We have a lovely (older) couple that visit the restaurant regularly, oftentimes they bring family, sometimes their friends from medical school in Mumbai, people they've known for more than five decades! He, is very proud of his wife's cooking skills (naturally), though they love to visit River Green too! So one day I asked her what her signature dish would be? As it turned out, it's an aubergine bharta. Anyone who knows me, knows that anything aubergine is my favourite dish! I have my own version of the bharta; Slow roasted with coconut, fresh spices and heritage or cherry tomatoes, all preferably locally grown, and only ever in season! Well, we compared notes, but we haven't yet compared dishes! If we had put our dishes side-by-side, you may be justified in declaring one 'authentic' and the other 'derivative' (if, you could discern which was which...?)


Welcome to the Ploughman's Lunch that is the debate over authenticity....

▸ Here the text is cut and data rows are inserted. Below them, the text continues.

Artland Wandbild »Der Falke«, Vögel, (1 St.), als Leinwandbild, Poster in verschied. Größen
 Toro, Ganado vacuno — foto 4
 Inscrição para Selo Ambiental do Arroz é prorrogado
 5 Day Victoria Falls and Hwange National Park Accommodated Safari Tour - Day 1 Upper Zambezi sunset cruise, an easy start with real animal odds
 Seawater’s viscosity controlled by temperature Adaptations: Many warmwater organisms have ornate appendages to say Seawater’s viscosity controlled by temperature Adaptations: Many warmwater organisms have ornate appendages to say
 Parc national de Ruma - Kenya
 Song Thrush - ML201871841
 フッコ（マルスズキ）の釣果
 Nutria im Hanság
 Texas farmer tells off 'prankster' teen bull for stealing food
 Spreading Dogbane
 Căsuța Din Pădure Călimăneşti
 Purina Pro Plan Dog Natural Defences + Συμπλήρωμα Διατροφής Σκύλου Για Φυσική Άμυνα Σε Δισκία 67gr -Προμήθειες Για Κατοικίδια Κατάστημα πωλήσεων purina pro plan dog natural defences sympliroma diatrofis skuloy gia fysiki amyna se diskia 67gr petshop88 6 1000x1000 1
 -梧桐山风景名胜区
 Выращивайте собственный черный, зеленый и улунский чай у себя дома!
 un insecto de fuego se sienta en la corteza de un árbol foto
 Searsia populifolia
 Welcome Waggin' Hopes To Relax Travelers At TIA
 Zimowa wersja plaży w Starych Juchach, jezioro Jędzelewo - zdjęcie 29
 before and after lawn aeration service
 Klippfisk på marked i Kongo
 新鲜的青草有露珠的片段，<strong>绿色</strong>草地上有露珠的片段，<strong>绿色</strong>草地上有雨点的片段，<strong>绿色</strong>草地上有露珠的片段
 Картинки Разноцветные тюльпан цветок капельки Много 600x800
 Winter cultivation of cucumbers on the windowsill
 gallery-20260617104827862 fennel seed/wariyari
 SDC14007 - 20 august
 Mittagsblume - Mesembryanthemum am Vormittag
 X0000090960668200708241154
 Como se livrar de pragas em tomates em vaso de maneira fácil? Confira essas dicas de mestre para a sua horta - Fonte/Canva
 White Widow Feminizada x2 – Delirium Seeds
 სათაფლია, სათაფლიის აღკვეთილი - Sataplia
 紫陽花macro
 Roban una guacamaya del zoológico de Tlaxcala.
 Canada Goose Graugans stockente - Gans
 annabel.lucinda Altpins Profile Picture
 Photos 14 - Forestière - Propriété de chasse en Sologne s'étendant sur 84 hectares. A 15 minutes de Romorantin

So, what do we mean by authentic? The same root as 'author,' 'authority,' from the Greek meaning 'self,' 'principal,' or 'origin.' We could say that 'authentic' could mean 'self-defined,' but we usually take it to mean something close to the original version, which leads to a paradox in the English language, in that something can be 'Authentic' (as in 'like the original,') but not 'original,' OR 'original,' but not 'authentic!' Something that is original, only becomes authentic if it is slavishly copied, if the copies vary in any way, they become 'derivative,' which seems to be a bad thing.


This is not science however, food is culture; Culture is not static, it flows and evolves, it migrates from one people group to another, it borrows from itself, it revisits its triumphs, it lends itself to others; Two churches in the same town may have Gothic architecture, but have been built 700 years apart. We will say they are both authentic Gothic, but one is early medieval gothic, and the other Victorian. We fix our idea of authenticity by an arbitrary demarcation of styles (even medieval gothic, has three principal styles, but you'd be hard pressed to pin down where one starts and another ends.) So it is with food culture; Our idea of authenticity is a fantasy created by arbitrary distinctions, a snapshot in time, ingredient provenance, and dare I say it, cultural prejudices.


Let's return to 'Indian' cooking... OK, I know you can't define the cuisine of such a populous country in one paragraph, but there are some commonalities; The use of spices, particularly 'earthy' spices such as turmeric and cumin, the use of chilies, peppercorns, garlic, a lot of use of long grain rices, potatoes, tomatoes, strong herbs such as coriander, many vegetarian dishes due to cultural and religious influences, a lot of milk, especially clarified butter (ghee.) For most Brits, our experience of 'Indian' cuisine comes from the Indian restaurants that sprung up in the sixties and seventies and onwards. But a lot of the early restaurants were set up by Bengali sailors, not necessarily cooks, and versed in recipes from the North of Indian and Bangladesh. They immediately started adapting them to suit English tastes, with more meat and thicker sauces, different cooking styles and equipment. Before long their food would be unrecognised by many in the subcontinent, and a later influx of Tamils and cooks from the south muddied the waters still further. To this day, many 'cognoscenti' will claim only southern Indian dishes in Indian restaurants as 'authentic.' Indeed, famously Britain's favourite 'Indian' dish, Chicken Tikka Masala, was invented in Scotland of all places, and is now exported back to India. Does this mean that Chicken Tikka Masala can never be authentic? Or perhaps it can be, but not if it made in India, or perhaps outside of Scotland?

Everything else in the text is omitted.